Exercise directions:
Leave the images behind and copy every record exactly.

========================

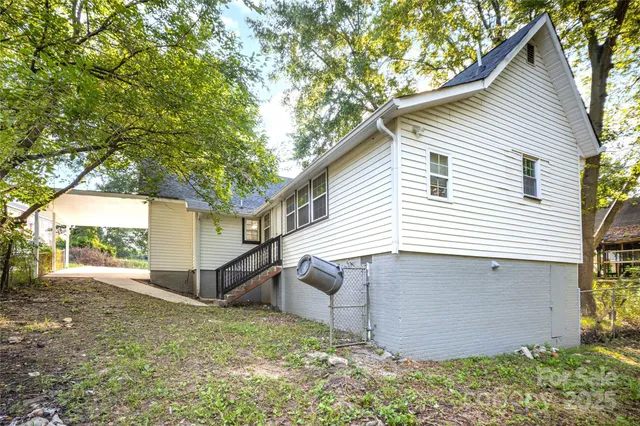 a view of a white house next to a yard and a large tree
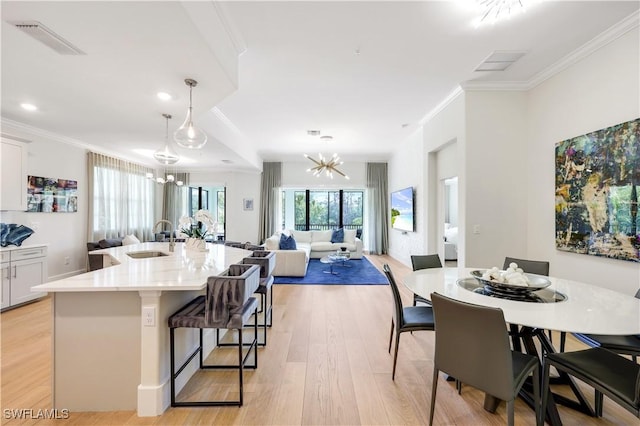 kitchen featuring white cabinetry, sink, a breakfast bar area, a kitchen island with sink, and an inviting chandelier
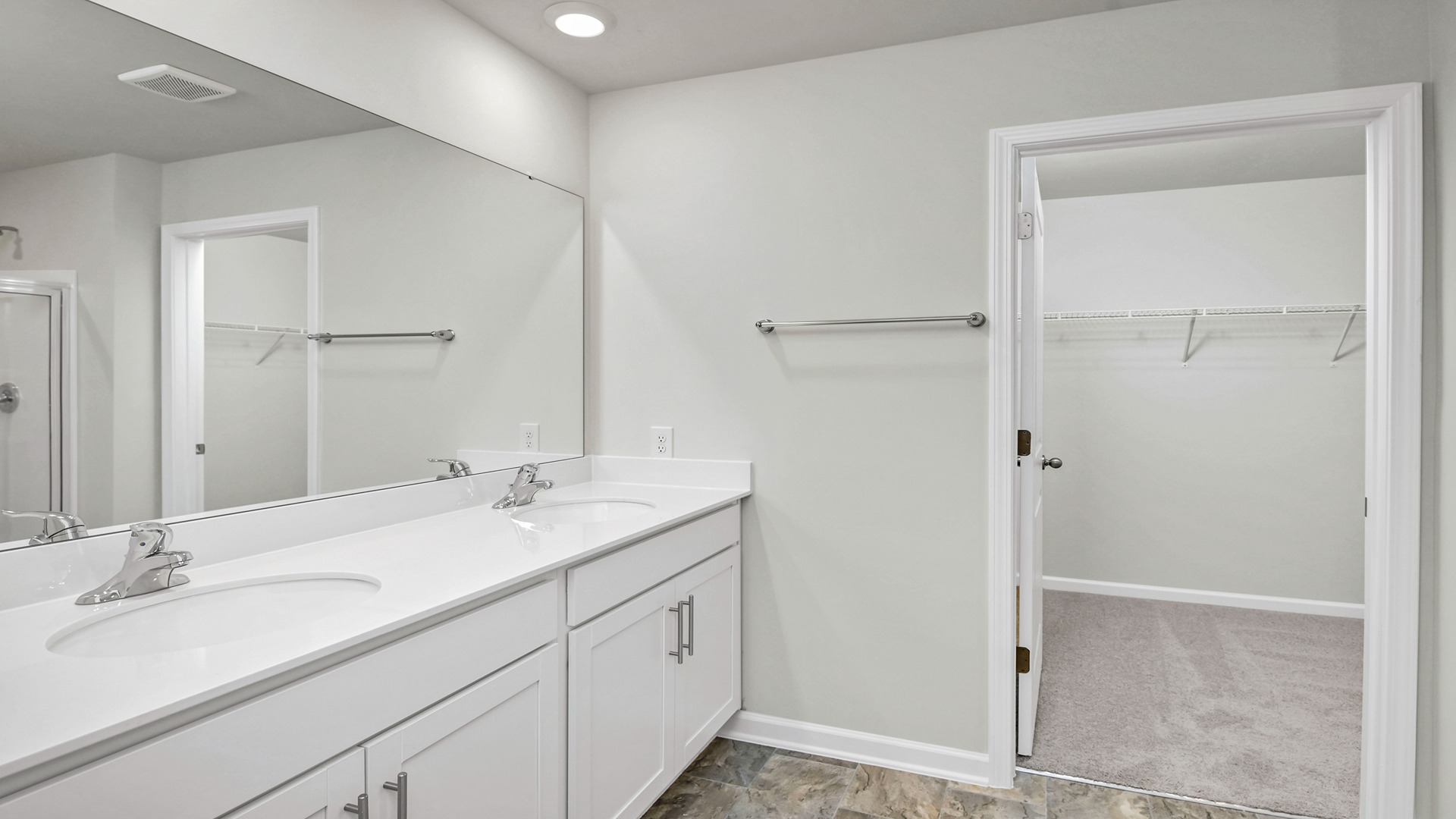 En-suite primary bathroom and walk-in closet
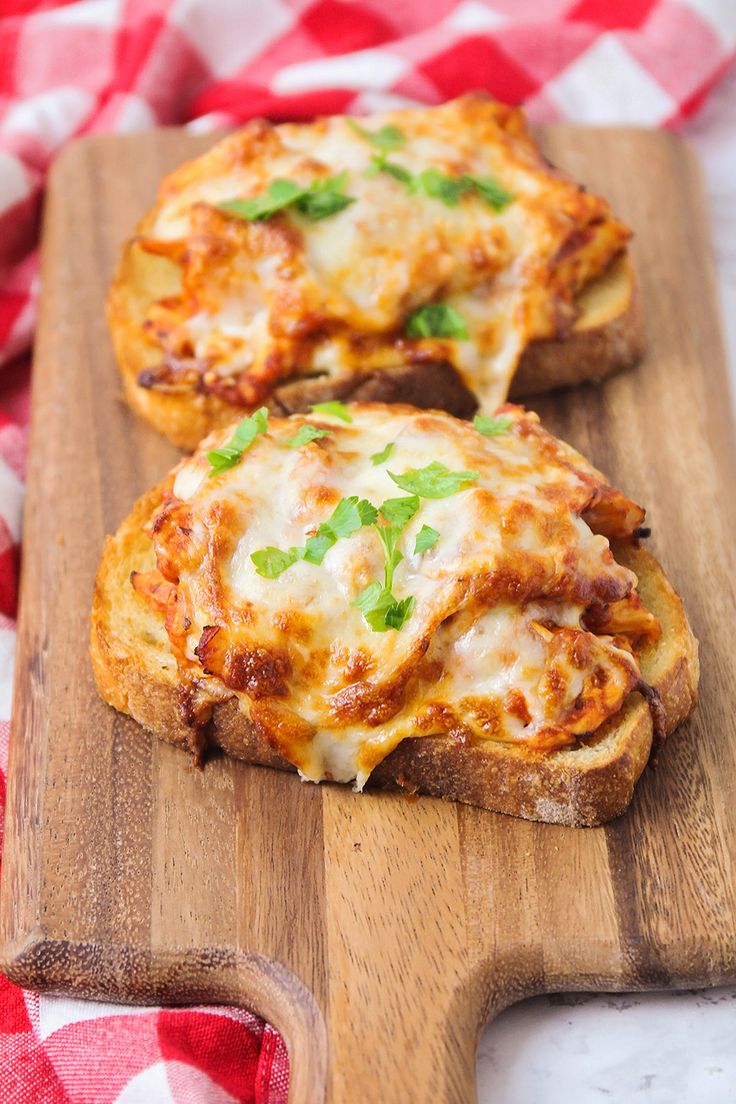 two cheesy pizzas sitting on top of a wooden cutting board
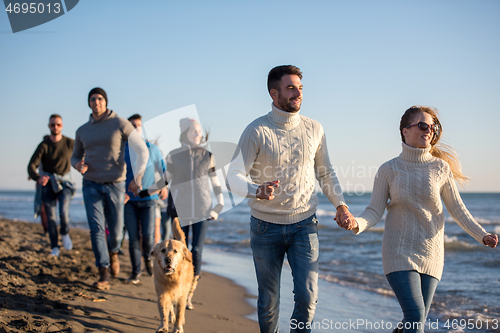 Image of Group of friends running on beach during autumn day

========================

Answer to this problem:
 a view of a white house next to a yard and a large tree
 kitchen featuring white cabinetry, sink, a breakfast bar area, a kitchen island with sink, and an inviting chandelier
 En-suite primary bathroom and walk-in closet
 two cheesy pizzas sitting on top of a wooden cutting board
 Image of Group of friends running on beach during autumn day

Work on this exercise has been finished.